Sur la politique, nous nous retrouvons au moins sur un point: le désir de reconsidérer les utopistes du genre Fourier pour bien plus que ce que les marxistes ont voulu les dire. Etrangement, les lignes générales d’Onfray rejoignent assez bien les miennes en ce qu’il développe une vision politique horizontale, multiple, multiforme. Par contre, sa brosse historique a complètement percuté mes propres conceptions du développement du monde. A commencer par sa vision du capitalisme, le conduisant à dire une grosse absurdité: selon lui, parce que le capitalisme a toujours existé, que ce soit dans l’économie des coquillages ou celui des montages financiers, il est indépassable, il faut vivre avec et en faire un capitalisme libertaire.
Malheureusement pour son raisonnement, le capitalisme n’est pas indépassable, il n’a pas toujours existé, et je dirais même qu’il n’existe pas en majorité dans l’exercice économique planétaire. La plus grande partie des échanges, des productions et des consommations de la planète ne sont pas des échanges capitalistes. Or, l’économie se fonde sur ces trois actions. Le capitalisme, par contre, et là je le rejoins temporairement, existe depuis bien plus longtemps que la période industrielle, ou même que le XVIIe Siècle des enclosures.
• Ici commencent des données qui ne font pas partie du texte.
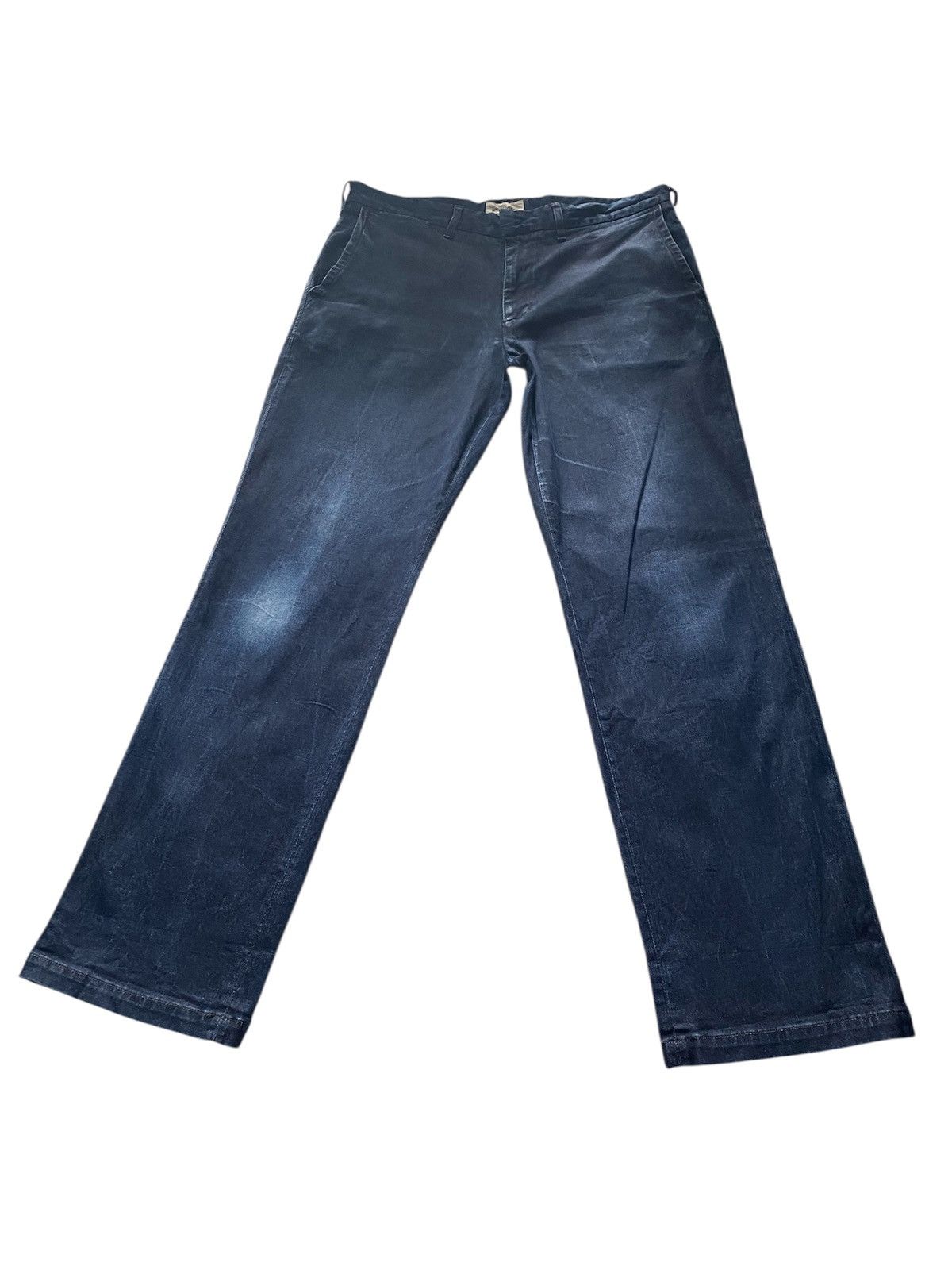 Spellbound Spellbound denim chino pants trouser made 🇯🇵 Size US 34 / EU 50 - 1 Thumbnail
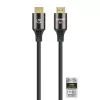 HDMI kabelis Manhattan 8K@60Hz 1m pīts vīrs-vīrs melns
A preuve que son raisonnement ne tient d’ailleurs pas, c’est que le capitalisme foncier a commencé à exister sous la forme des enclosures en Grande-Bretagne dès le XIIe Siècle, et qu’a contrario il ne commença a faire son apparition dans certaines régions d’Italie qu’au XIXe Siècle. Par contre, il est exact que le capitalisme existe sous l’antiquité gréco-latine, et à l’état embryonnaire dans tous les régimes de cités qui ont vu apparaître l’écriture pour des raisons comptables. C’est précisément ces nécessités comptables qui donnent naissance au capitalisme. Un capitalisme certes encore réduit, mais réel: à partir du moment où l’on commence à pouvoir produire de l’argent avec du temps, mais sans travail, par la location d’un bien, que ce bien soit un terrain, un troupeau ou de l’argent, qu’un travailleur doive en gros payer pour travailler, apparaît le capitalisme. Mais dans la plupart des sociétés traditionnelles, celles qui ne connaissent pas, ou pas encore, la propriété, il n’y a pas de capitalisme, parce que le capitalisme n’est tout simplement pas possible sans propriété. L’écureuil, contrairement à l’imagerie populaire, n’est pas un capitaliste: à aucun moment il ne s’attend à ce qu’accumuler des réserves dans un arbre creux lui rende plus de noisettes qu’il n’en avait la veille. De même que le chef de village qui se retrouve à la tête de la plus grande réserve de pots et qui décide de faire don de la plus grande partie de celle-ci n’est pas du tout un Carnegie local, mais bien le membre d’une société qui ne connaît pas le capitalisme. Onfray se trompe lorsqu’il voit du capitalisme partout dans l’humanité.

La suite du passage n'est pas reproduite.